Czy możliwa jest "twarda" wiedza o polityce i gospodarce światowej?

Post ten wynika z inspiracji, jaką zasiała we mnie "lektura" portalu projektu "Centrum Badań Ilościowych nad Polityką" na Uniwersytecie Jagiellońskim (zob. tutaj). Centrum powstało jako wynik kooperacji matematyków, informatyków i politologów w celu opracowania narzędzi ilościowych do badania zachowań partii politycznych, decyzji organów władzy i in. W projekcie uczestniczą badacze i studenci, uczący się nowych technologii badawczych. Interesujące przedsięwzięcie.

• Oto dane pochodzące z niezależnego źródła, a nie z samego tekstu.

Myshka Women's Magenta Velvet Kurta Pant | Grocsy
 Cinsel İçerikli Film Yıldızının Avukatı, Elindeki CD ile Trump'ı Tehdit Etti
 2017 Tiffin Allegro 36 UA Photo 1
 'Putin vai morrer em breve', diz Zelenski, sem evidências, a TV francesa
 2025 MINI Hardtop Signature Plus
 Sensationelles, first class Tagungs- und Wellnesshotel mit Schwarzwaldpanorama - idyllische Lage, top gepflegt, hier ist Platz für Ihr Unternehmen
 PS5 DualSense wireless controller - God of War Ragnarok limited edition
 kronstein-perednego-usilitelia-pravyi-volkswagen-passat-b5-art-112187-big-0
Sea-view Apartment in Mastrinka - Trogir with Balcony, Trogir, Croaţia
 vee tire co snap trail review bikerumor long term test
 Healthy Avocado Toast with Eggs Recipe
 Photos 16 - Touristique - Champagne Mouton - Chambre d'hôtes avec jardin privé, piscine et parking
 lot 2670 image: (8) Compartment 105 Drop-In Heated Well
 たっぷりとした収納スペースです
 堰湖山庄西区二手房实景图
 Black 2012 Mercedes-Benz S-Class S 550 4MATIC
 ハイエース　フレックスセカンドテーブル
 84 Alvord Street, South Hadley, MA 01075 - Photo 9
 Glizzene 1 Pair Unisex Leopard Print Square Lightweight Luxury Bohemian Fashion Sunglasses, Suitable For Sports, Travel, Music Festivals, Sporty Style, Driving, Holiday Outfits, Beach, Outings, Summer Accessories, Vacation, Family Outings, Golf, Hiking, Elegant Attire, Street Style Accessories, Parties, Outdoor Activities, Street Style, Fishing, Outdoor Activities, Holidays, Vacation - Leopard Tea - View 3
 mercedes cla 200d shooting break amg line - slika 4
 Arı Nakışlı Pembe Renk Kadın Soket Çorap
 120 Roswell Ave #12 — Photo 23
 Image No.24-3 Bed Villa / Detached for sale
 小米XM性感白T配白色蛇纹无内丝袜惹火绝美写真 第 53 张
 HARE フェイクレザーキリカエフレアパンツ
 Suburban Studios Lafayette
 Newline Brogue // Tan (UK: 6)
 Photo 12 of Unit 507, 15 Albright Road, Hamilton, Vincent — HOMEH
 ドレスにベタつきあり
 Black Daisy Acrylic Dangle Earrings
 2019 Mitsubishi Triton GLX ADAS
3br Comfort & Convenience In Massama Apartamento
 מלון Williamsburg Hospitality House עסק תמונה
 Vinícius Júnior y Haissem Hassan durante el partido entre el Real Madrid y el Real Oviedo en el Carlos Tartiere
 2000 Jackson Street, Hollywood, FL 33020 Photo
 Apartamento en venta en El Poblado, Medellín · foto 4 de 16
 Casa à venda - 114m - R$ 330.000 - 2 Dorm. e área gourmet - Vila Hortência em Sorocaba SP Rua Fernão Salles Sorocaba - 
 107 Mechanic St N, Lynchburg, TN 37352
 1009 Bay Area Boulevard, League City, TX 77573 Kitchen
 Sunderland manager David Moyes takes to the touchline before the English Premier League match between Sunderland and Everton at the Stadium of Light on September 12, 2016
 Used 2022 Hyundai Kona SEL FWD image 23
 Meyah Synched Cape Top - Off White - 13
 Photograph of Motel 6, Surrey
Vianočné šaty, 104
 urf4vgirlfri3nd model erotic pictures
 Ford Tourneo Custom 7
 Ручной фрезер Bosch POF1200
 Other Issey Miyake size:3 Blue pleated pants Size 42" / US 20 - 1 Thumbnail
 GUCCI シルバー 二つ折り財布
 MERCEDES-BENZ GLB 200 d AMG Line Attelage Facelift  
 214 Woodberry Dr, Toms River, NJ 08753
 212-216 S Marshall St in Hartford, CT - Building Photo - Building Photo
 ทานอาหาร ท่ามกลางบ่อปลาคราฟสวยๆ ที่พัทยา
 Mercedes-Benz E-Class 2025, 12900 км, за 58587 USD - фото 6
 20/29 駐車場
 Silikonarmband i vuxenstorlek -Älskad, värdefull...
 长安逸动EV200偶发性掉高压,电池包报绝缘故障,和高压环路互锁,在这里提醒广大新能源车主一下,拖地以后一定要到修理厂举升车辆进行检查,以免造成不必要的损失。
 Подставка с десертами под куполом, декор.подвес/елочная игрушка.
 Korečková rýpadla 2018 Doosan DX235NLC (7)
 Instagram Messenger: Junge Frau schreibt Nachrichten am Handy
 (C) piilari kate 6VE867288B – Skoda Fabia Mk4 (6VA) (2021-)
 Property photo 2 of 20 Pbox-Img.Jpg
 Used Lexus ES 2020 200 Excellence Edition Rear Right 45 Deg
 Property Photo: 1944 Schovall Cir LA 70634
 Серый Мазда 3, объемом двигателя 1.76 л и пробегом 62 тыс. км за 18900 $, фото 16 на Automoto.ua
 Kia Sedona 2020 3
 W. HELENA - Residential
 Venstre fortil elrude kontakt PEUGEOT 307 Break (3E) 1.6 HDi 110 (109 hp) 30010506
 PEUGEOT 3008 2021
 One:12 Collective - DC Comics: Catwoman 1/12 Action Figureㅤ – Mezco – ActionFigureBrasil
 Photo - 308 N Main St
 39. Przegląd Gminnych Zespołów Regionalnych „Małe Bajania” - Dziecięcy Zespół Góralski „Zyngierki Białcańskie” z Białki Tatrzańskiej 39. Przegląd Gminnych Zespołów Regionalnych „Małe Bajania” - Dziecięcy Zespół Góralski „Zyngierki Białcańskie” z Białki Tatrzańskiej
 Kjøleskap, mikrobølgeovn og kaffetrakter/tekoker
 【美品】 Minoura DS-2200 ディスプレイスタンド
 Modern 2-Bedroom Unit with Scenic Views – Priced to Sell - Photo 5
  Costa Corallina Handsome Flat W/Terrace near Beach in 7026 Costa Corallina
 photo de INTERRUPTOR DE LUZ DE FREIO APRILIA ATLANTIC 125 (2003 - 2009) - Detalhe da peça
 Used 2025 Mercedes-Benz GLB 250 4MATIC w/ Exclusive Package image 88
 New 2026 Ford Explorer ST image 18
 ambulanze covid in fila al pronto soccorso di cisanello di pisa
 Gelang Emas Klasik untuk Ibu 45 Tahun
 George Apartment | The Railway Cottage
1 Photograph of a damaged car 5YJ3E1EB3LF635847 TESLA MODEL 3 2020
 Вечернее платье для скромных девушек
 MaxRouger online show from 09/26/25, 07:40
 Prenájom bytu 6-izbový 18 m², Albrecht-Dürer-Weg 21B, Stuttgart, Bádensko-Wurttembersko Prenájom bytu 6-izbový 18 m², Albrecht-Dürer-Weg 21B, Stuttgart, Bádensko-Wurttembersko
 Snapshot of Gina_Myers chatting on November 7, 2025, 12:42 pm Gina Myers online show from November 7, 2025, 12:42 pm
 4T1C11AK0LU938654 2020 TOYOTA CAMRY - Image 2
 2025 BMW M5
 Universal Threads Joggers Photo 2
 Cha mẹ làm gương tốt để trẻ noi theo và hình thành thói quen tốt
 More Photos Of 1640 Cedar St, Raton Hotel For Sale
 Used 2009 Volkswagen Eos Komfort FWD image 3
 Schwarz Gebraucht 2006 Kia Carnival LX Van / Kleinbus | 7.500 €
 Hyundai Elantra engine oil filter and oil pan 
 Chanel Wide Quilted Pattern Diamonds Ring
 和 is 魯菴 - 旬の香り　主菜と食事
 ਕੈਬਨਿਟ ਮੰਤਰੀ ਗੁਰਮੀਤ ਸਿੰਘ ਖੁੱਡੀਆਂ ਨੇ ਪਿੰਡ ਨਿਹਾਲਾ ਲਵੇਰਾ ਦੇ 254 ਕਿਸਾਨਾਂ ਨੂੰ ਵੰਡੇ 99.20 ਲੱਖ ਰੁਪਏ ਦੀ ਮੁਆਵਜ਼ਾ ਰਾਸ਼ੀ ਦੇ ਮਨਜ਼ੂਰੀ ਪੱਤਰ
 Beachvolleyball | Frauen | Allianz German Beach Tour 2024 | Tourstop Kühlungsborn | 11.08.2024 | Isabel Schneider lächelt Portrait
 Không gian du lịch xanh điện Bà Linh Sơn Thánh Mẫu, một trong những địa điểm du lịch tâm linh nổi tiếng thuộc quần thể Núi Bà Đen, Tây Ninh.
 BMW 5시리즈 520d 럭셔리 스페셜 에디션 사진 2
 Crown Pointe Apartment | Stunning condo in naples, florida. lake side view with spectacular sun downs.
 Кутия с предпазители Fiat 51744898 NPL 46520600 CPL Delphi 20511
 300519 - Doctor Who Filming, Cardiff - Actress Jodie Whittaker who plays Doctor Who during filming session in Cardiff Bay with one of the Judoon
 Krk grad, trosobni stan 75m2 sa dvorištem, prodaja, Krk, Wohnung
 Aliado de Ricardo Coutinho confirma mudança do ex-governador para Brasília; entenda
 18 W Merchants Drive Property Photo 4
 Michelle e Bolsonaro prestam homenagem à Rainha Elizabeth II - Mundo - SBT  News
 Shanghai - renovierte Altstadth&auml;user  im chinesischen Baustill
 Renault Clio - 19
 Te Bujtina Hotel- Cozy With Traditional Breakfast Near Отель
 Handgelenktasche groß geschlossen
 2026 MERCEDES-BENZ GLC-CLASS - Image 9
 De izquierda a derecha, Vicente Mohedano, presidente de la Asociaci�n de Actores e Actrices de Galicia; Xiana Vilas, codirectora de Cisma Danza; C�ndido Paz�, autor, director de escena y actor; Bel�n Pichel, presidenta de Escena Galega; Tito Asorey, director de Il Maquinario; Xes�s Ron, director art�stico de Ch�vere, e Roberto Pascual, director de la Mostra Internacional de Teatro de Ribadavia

Jednym z podprojektów CBIP jest Platforma Politologii Empirycznej (zob. tutaj), rozumiana jako hub zbierający "twarde", empiryczne dane z różnych badań naukowych prowadzonych w polskiej politologii:

Celem PPE jest stworzenie platformy wymiany danych, zapewniającej koordynację i wymianę informacji na temat realizowanych projektów, a także będącej centrum dystrybucji danych zgromadzonych przez polskie ośrodki naukowe. Projekt ma na celu wsparcie ośrodków politologicznych realizujących ilościowe badania empiryczne, ale również popularyzowanie badań tego rodzaju wśród wszystkich zainteresowanych. Naszą ofertę kierujemy w szczególności do osób realizujących projekty badawcze związane z gromadzeniem i przetwarzaniem rozbudowanych zestawów danych dotyczących badań nad wyborami i systemami wyborczymi, systemami partyjnymi, pracami legislacyjnymi, finansowaniem polityki i funkcjonowaniem koalicji parlamentarnych. (źródło: ppe.info.pl)

Już teraz serwis zawiera dane statystyczne dotyczące m. in. głosowań Sejmu RP. Perspektywy gromadzenia takich danych są ogromne. Pozostaje pytanie czy dzięki takim projektom dojdzie do popularyzacji know how nowych metod badawczych - ilościowych, opartych na kwantyfikacji, statystyce i oprogramowaniu. Do tej pory większość ogniw procesu badawczego opierała się na standardowych możliwościach analitycznych i syntetyzujących ludzkiego umysłu. Danych w postaci sformalizowanej pojawiało się w dyskursie (periodyki, monografie, konferencje) jak dotąd bardzo mało. Dla przykładu - w najnowszym krakowskim zbiorze na temat metod w naukach politycznych (zob. tutaj) teksty z zakresu badań ilościowych nie przekraczają nawet 10% objętości. Z braku adekwatnych teorii i literatury, ich przygotowanie jest też bardzo czasochłonne. Są jednak potrzebne. Bez nich wiedza społeczna staje się zwykłym zbiorem książkowych poglądów, stymulując jedynie lawinę kolejnych poglądów. To poważne ryzyko rozwojowe.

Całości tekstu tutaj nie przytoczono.